L'ordonnance autorisant les vérifications sur place comporte
l'adresse des lieux à visiter, le nom et la qualité du ou
des agents habilités à procéder aux opérations de visite et
de contrôle ainsi que les heures auxquelles ils sont
autorisés à se présenter.
L'ordonnance, exécutoire au seul vu de la minute, est
notifiée sur place, au moment de la visite, au responsable
des lieux ou à son représentant qui en reçoit copie
intégrale contre récépissé ou émargement au procès-verbal de
visite.
L'acte de notification comporte mention des voies et délais
de recours contre l'ordonnance ayant autorisé la visite et
contre le déroulement des opérations de visite. Il mentionne
également que le juge ayant autorisé la visite peut être
saisi d'une demande de suspension ou d'arrêt de cette
visite.
En l'absence du responsable des lieux ou de son
représentant, l'ordonnance est notifiée, après la visite,
par lettre recommandée avec demande d'avis de réception. A
défaut de réception de la lettre recommandée, il est procédé
à la signification de l'ordonnance par acte d'huissier de
justice.
Le juge des libertés et de la détention peut, s'il l'estime
utile, se rendre dans les locaux pendant l'intervention. A
tout moment, il peut décider la suspension ou l'arrêt de la
visite. La saisine du juge des libertés et de la détention
aux fins de suspension ou d'arrêt des opérations de visite
et de vérifications n'a pas d'effet suspensif.
Article 8
L'ordonnance autorisant la visite peut faire l'objet d'un
appel devant le premier président de la cour d'appel suivant
les règles prévues par les articles 931 et suivants du code
de procédure civile.
Cet appel est formé par déclaration remise ou adressée par
lettre recommandée avec demande d'avis de réception au
greffe de la cour dans un délai de quinze jours à compter de
la notification de l'ordonnance. Cet appel n'est pas
suspensif.
Le greffe du tribunal de grande instance transmet sans délai
le dossier de l'affaire au greffe de la cour d'appel où les
parties peuvent le consulter.
L'ordonnance du premier président de la cour d'appel est
susceptible d'un pourvoi en cassation selon les règles
prévues par les articles 974 et suivants du code de
procédure civile.
Article 9
Le premier président de la cour d'appel connaît des recours
contre le déroulement des opérations de visite autorisées
par le juge des libertés et de la détention.

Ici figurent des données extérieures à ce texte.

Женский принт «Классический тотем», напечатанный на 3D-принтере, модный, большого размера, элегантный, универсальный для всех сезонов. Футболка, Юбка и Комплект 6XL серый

Le recours est formé par déclaration remise ou adressée par
lettre recommandée avec demande d'avis de réception au
greffe de la cour dans un délai de quinze jours à compter de
la notification du procès-verbal de la visite. Ce recours
n'est pas suspensif.
L'ordonnance du premier président de la cour d'appel est
susceptible d'un pourvoi en cassation selon les règles
prévues par les articles 974 et suivants du code de
procédure civile. Le délai du pourvoi en cassation est de
quinze jours.
Chapitre III : Dispositions
applicables aux vérifications sur place dans des locaux
administratifs des personnes publiques
Article 10
Le chapitre VII du titre V du livre V du code de justice
administrative (partie règlementaire) est complété par un
article R. 557-2 ainsi rédigé :
« Art. R. 557-2. - Lorsque le juge administratif est saisi
par le Défenseur des droits, sur le fondement de l'article
22 de la loi organique du 29 mars 2011 relative au Défenseur
des droits, d'une demande en référé tendant à ce qu'il
autorise son accès à des locaux administratifs, il est
statué suivant la procédure de référé prévue à l'article L.
521-3. Le juge se prononce dans les quarante-huit heures.
Lorsqu'il a autorisé la visite, le juge peut, s'il l'estime
utile, se rendre dans les locaux pendant l'intervention.
A tout moment, il peut décider la suspension ou l'arrêt de
la visite. »
TITRE IV :
HABILITATIONS À PROCÉDER AUX VÉRIFICATIONS SUR PLACE ET À
CONSTATER LES DÉLITS DE DISCRIMINATION
Article 11
Pour autoriser un de ses délégués ou agents à procéder à des
vérifications sur place, le Défenseur des droits adresse au
procureur général près la cour d'appel du domicile de
l'intéressé une demande d'habilitation comportant les nom,
prénoms, date et lieu de naissance, nationalité, profession,
domicile de la personne en cause. Le procureur général,
après avoir procédé à toutes les diligences qu'il juge
utiles, notifie au Défenseur des droits la décision
d'habilitation, dont la durée ne peut excéder six ans. La
décision refusant l'habilitation doit être motivée.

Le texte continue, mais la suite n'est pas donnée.